Energy of photon $= hv$

$= \dfrac{{hc}}{\lambda }$

$= \dfrac{{\left( {6.62 \times {{10}^{ - 34}}} \right)\left( {3 \times {{10}^8}} \right)}}{{5000 \times {{10}^{ - 10}}}}J$

$\Rightarrow \dfrac{{6.62 \times 3 \times {{10}^{ - 24 + 8}}}}{{5000 \times 1.6 \times {{10}^{ - 19}}}}eV = \dfrac{{19.86 \times {{10}^{ - 16 + 19}}}}{{8000}}$

$Energy\;of\;photon = \dfrac{{20 \times {{10}^3}}}{{8 \times {{10}^3}}}$

$= \dfrac{5}{2}eV$

$= 2.5eV$

The photoelectric emission happened because the energy of an incident photon is comparably more than $2\;eV$i.e., metal surface’s work function.
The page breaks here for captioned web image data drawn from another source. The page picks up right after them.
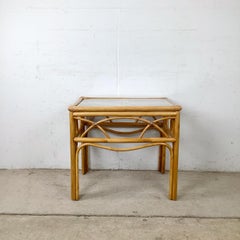Vintage Bent Rattan Side Table with Geometric Arch Apron and Inset Glass Top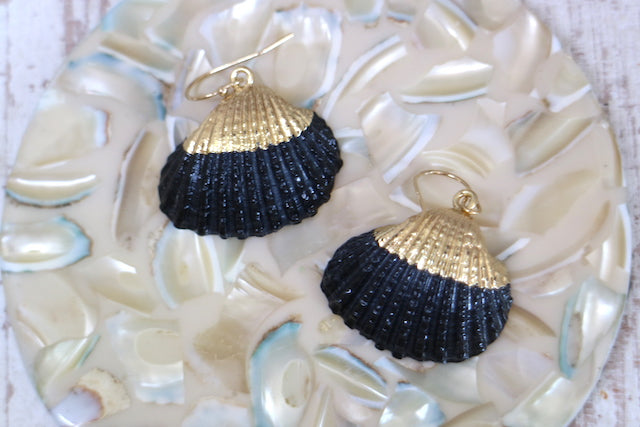 Black and gold cockle shell earrings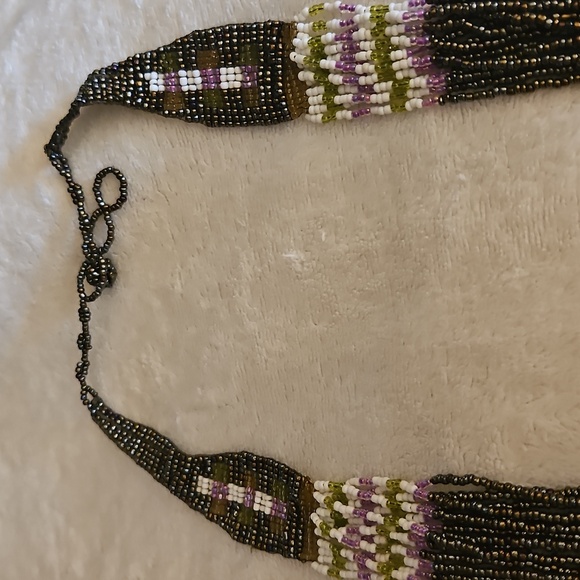 Vtg HANDMADE Multicolor Oil Spill Bead Woven Multi-strand Long Necklace - Picture 3 of 7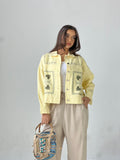 Statement Embroidered Summer Gbrdine Jacket-Yellow X mint
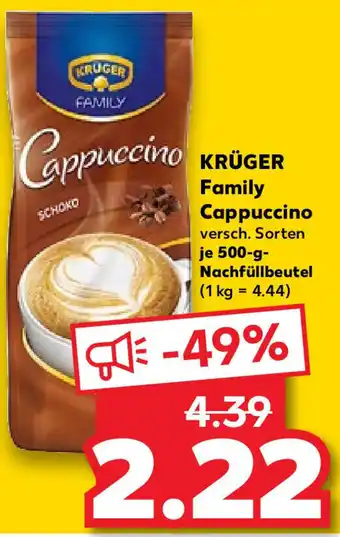 Kaufland KRÜGER Family Cappuccino 500 g Nachfüllbeutel Angebot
(iii) Assuming $\Delta T$time depleted in getting the energy $\phi$ (work function of metal) energy sustained by atomic disk in

At time $\Delta t$,

$E = P \times A \cdot \Delta t$

Energy transmitted by bulb in full solid angle $4\pi {d^2}$to atoms $= 4\pi {d^2}\phi$

$\therefore p \times \pi {r^2}\Delta t = 4\pi {d^2}\phi$

$\Delta t = \dfrac{{4{d^2}\phi }}{{{{\Pr }^2}}}\dfrac{{4 \times 2 \times 2 \times 2 \times 1.6 \times {{10}^{ - 19}}}}{{20 \times 1.5 \times 1.5 \times {{10}^{ - 10}} \times {{10}^{ - 10}}}}\sec$

$\Delta t = \dfrac{{12.8 \times {{10}^{ - 19 + 20}}}}{{5 \times 2.25}}$

$= \dfrac{{128}}{{12.25}}$

$= 11.4\;\sec$

(iv) Number of photons acquired by one atomic disk in time $\Delta t$

$N = \dfrac{{{n_1}{r^2}\Delta t}}{{4\pi {d^2}}}$

$= \dfrac{{{n_1}{r^2}\Delta t}}{{4{d^2}}}$

$= \dfrac{{5 \times {{10}^{19}} \times 1.5 \times 1.5 \times {{10}^{ - 20}} \times 11.4}}{{4 \times 2 \times 2}}$[${n_1}$from part (i) from part (iii)]

$N = \dfrac{{12.25 \times 11.4 \times {{10}^{ - 1}}}}{{8 \times 2 \times 2}} \approx 0.80 \cong 1\;photon\,per\,atom$

$N = 1\,photon\;per\,atom$.

(v) $11.4\;\sec$  is the time of emission of electrons. Thus, photoelectric emission is not an immediate problem. Thus, it takes about $11.4\,\sec$. There is a collision among photon and free electron and nucleus in photoelectric which lasts for very short time interval $\left( {{{10}^{ - 9}}\sec } \right)$therefore we say photoelectric emission is expeditious.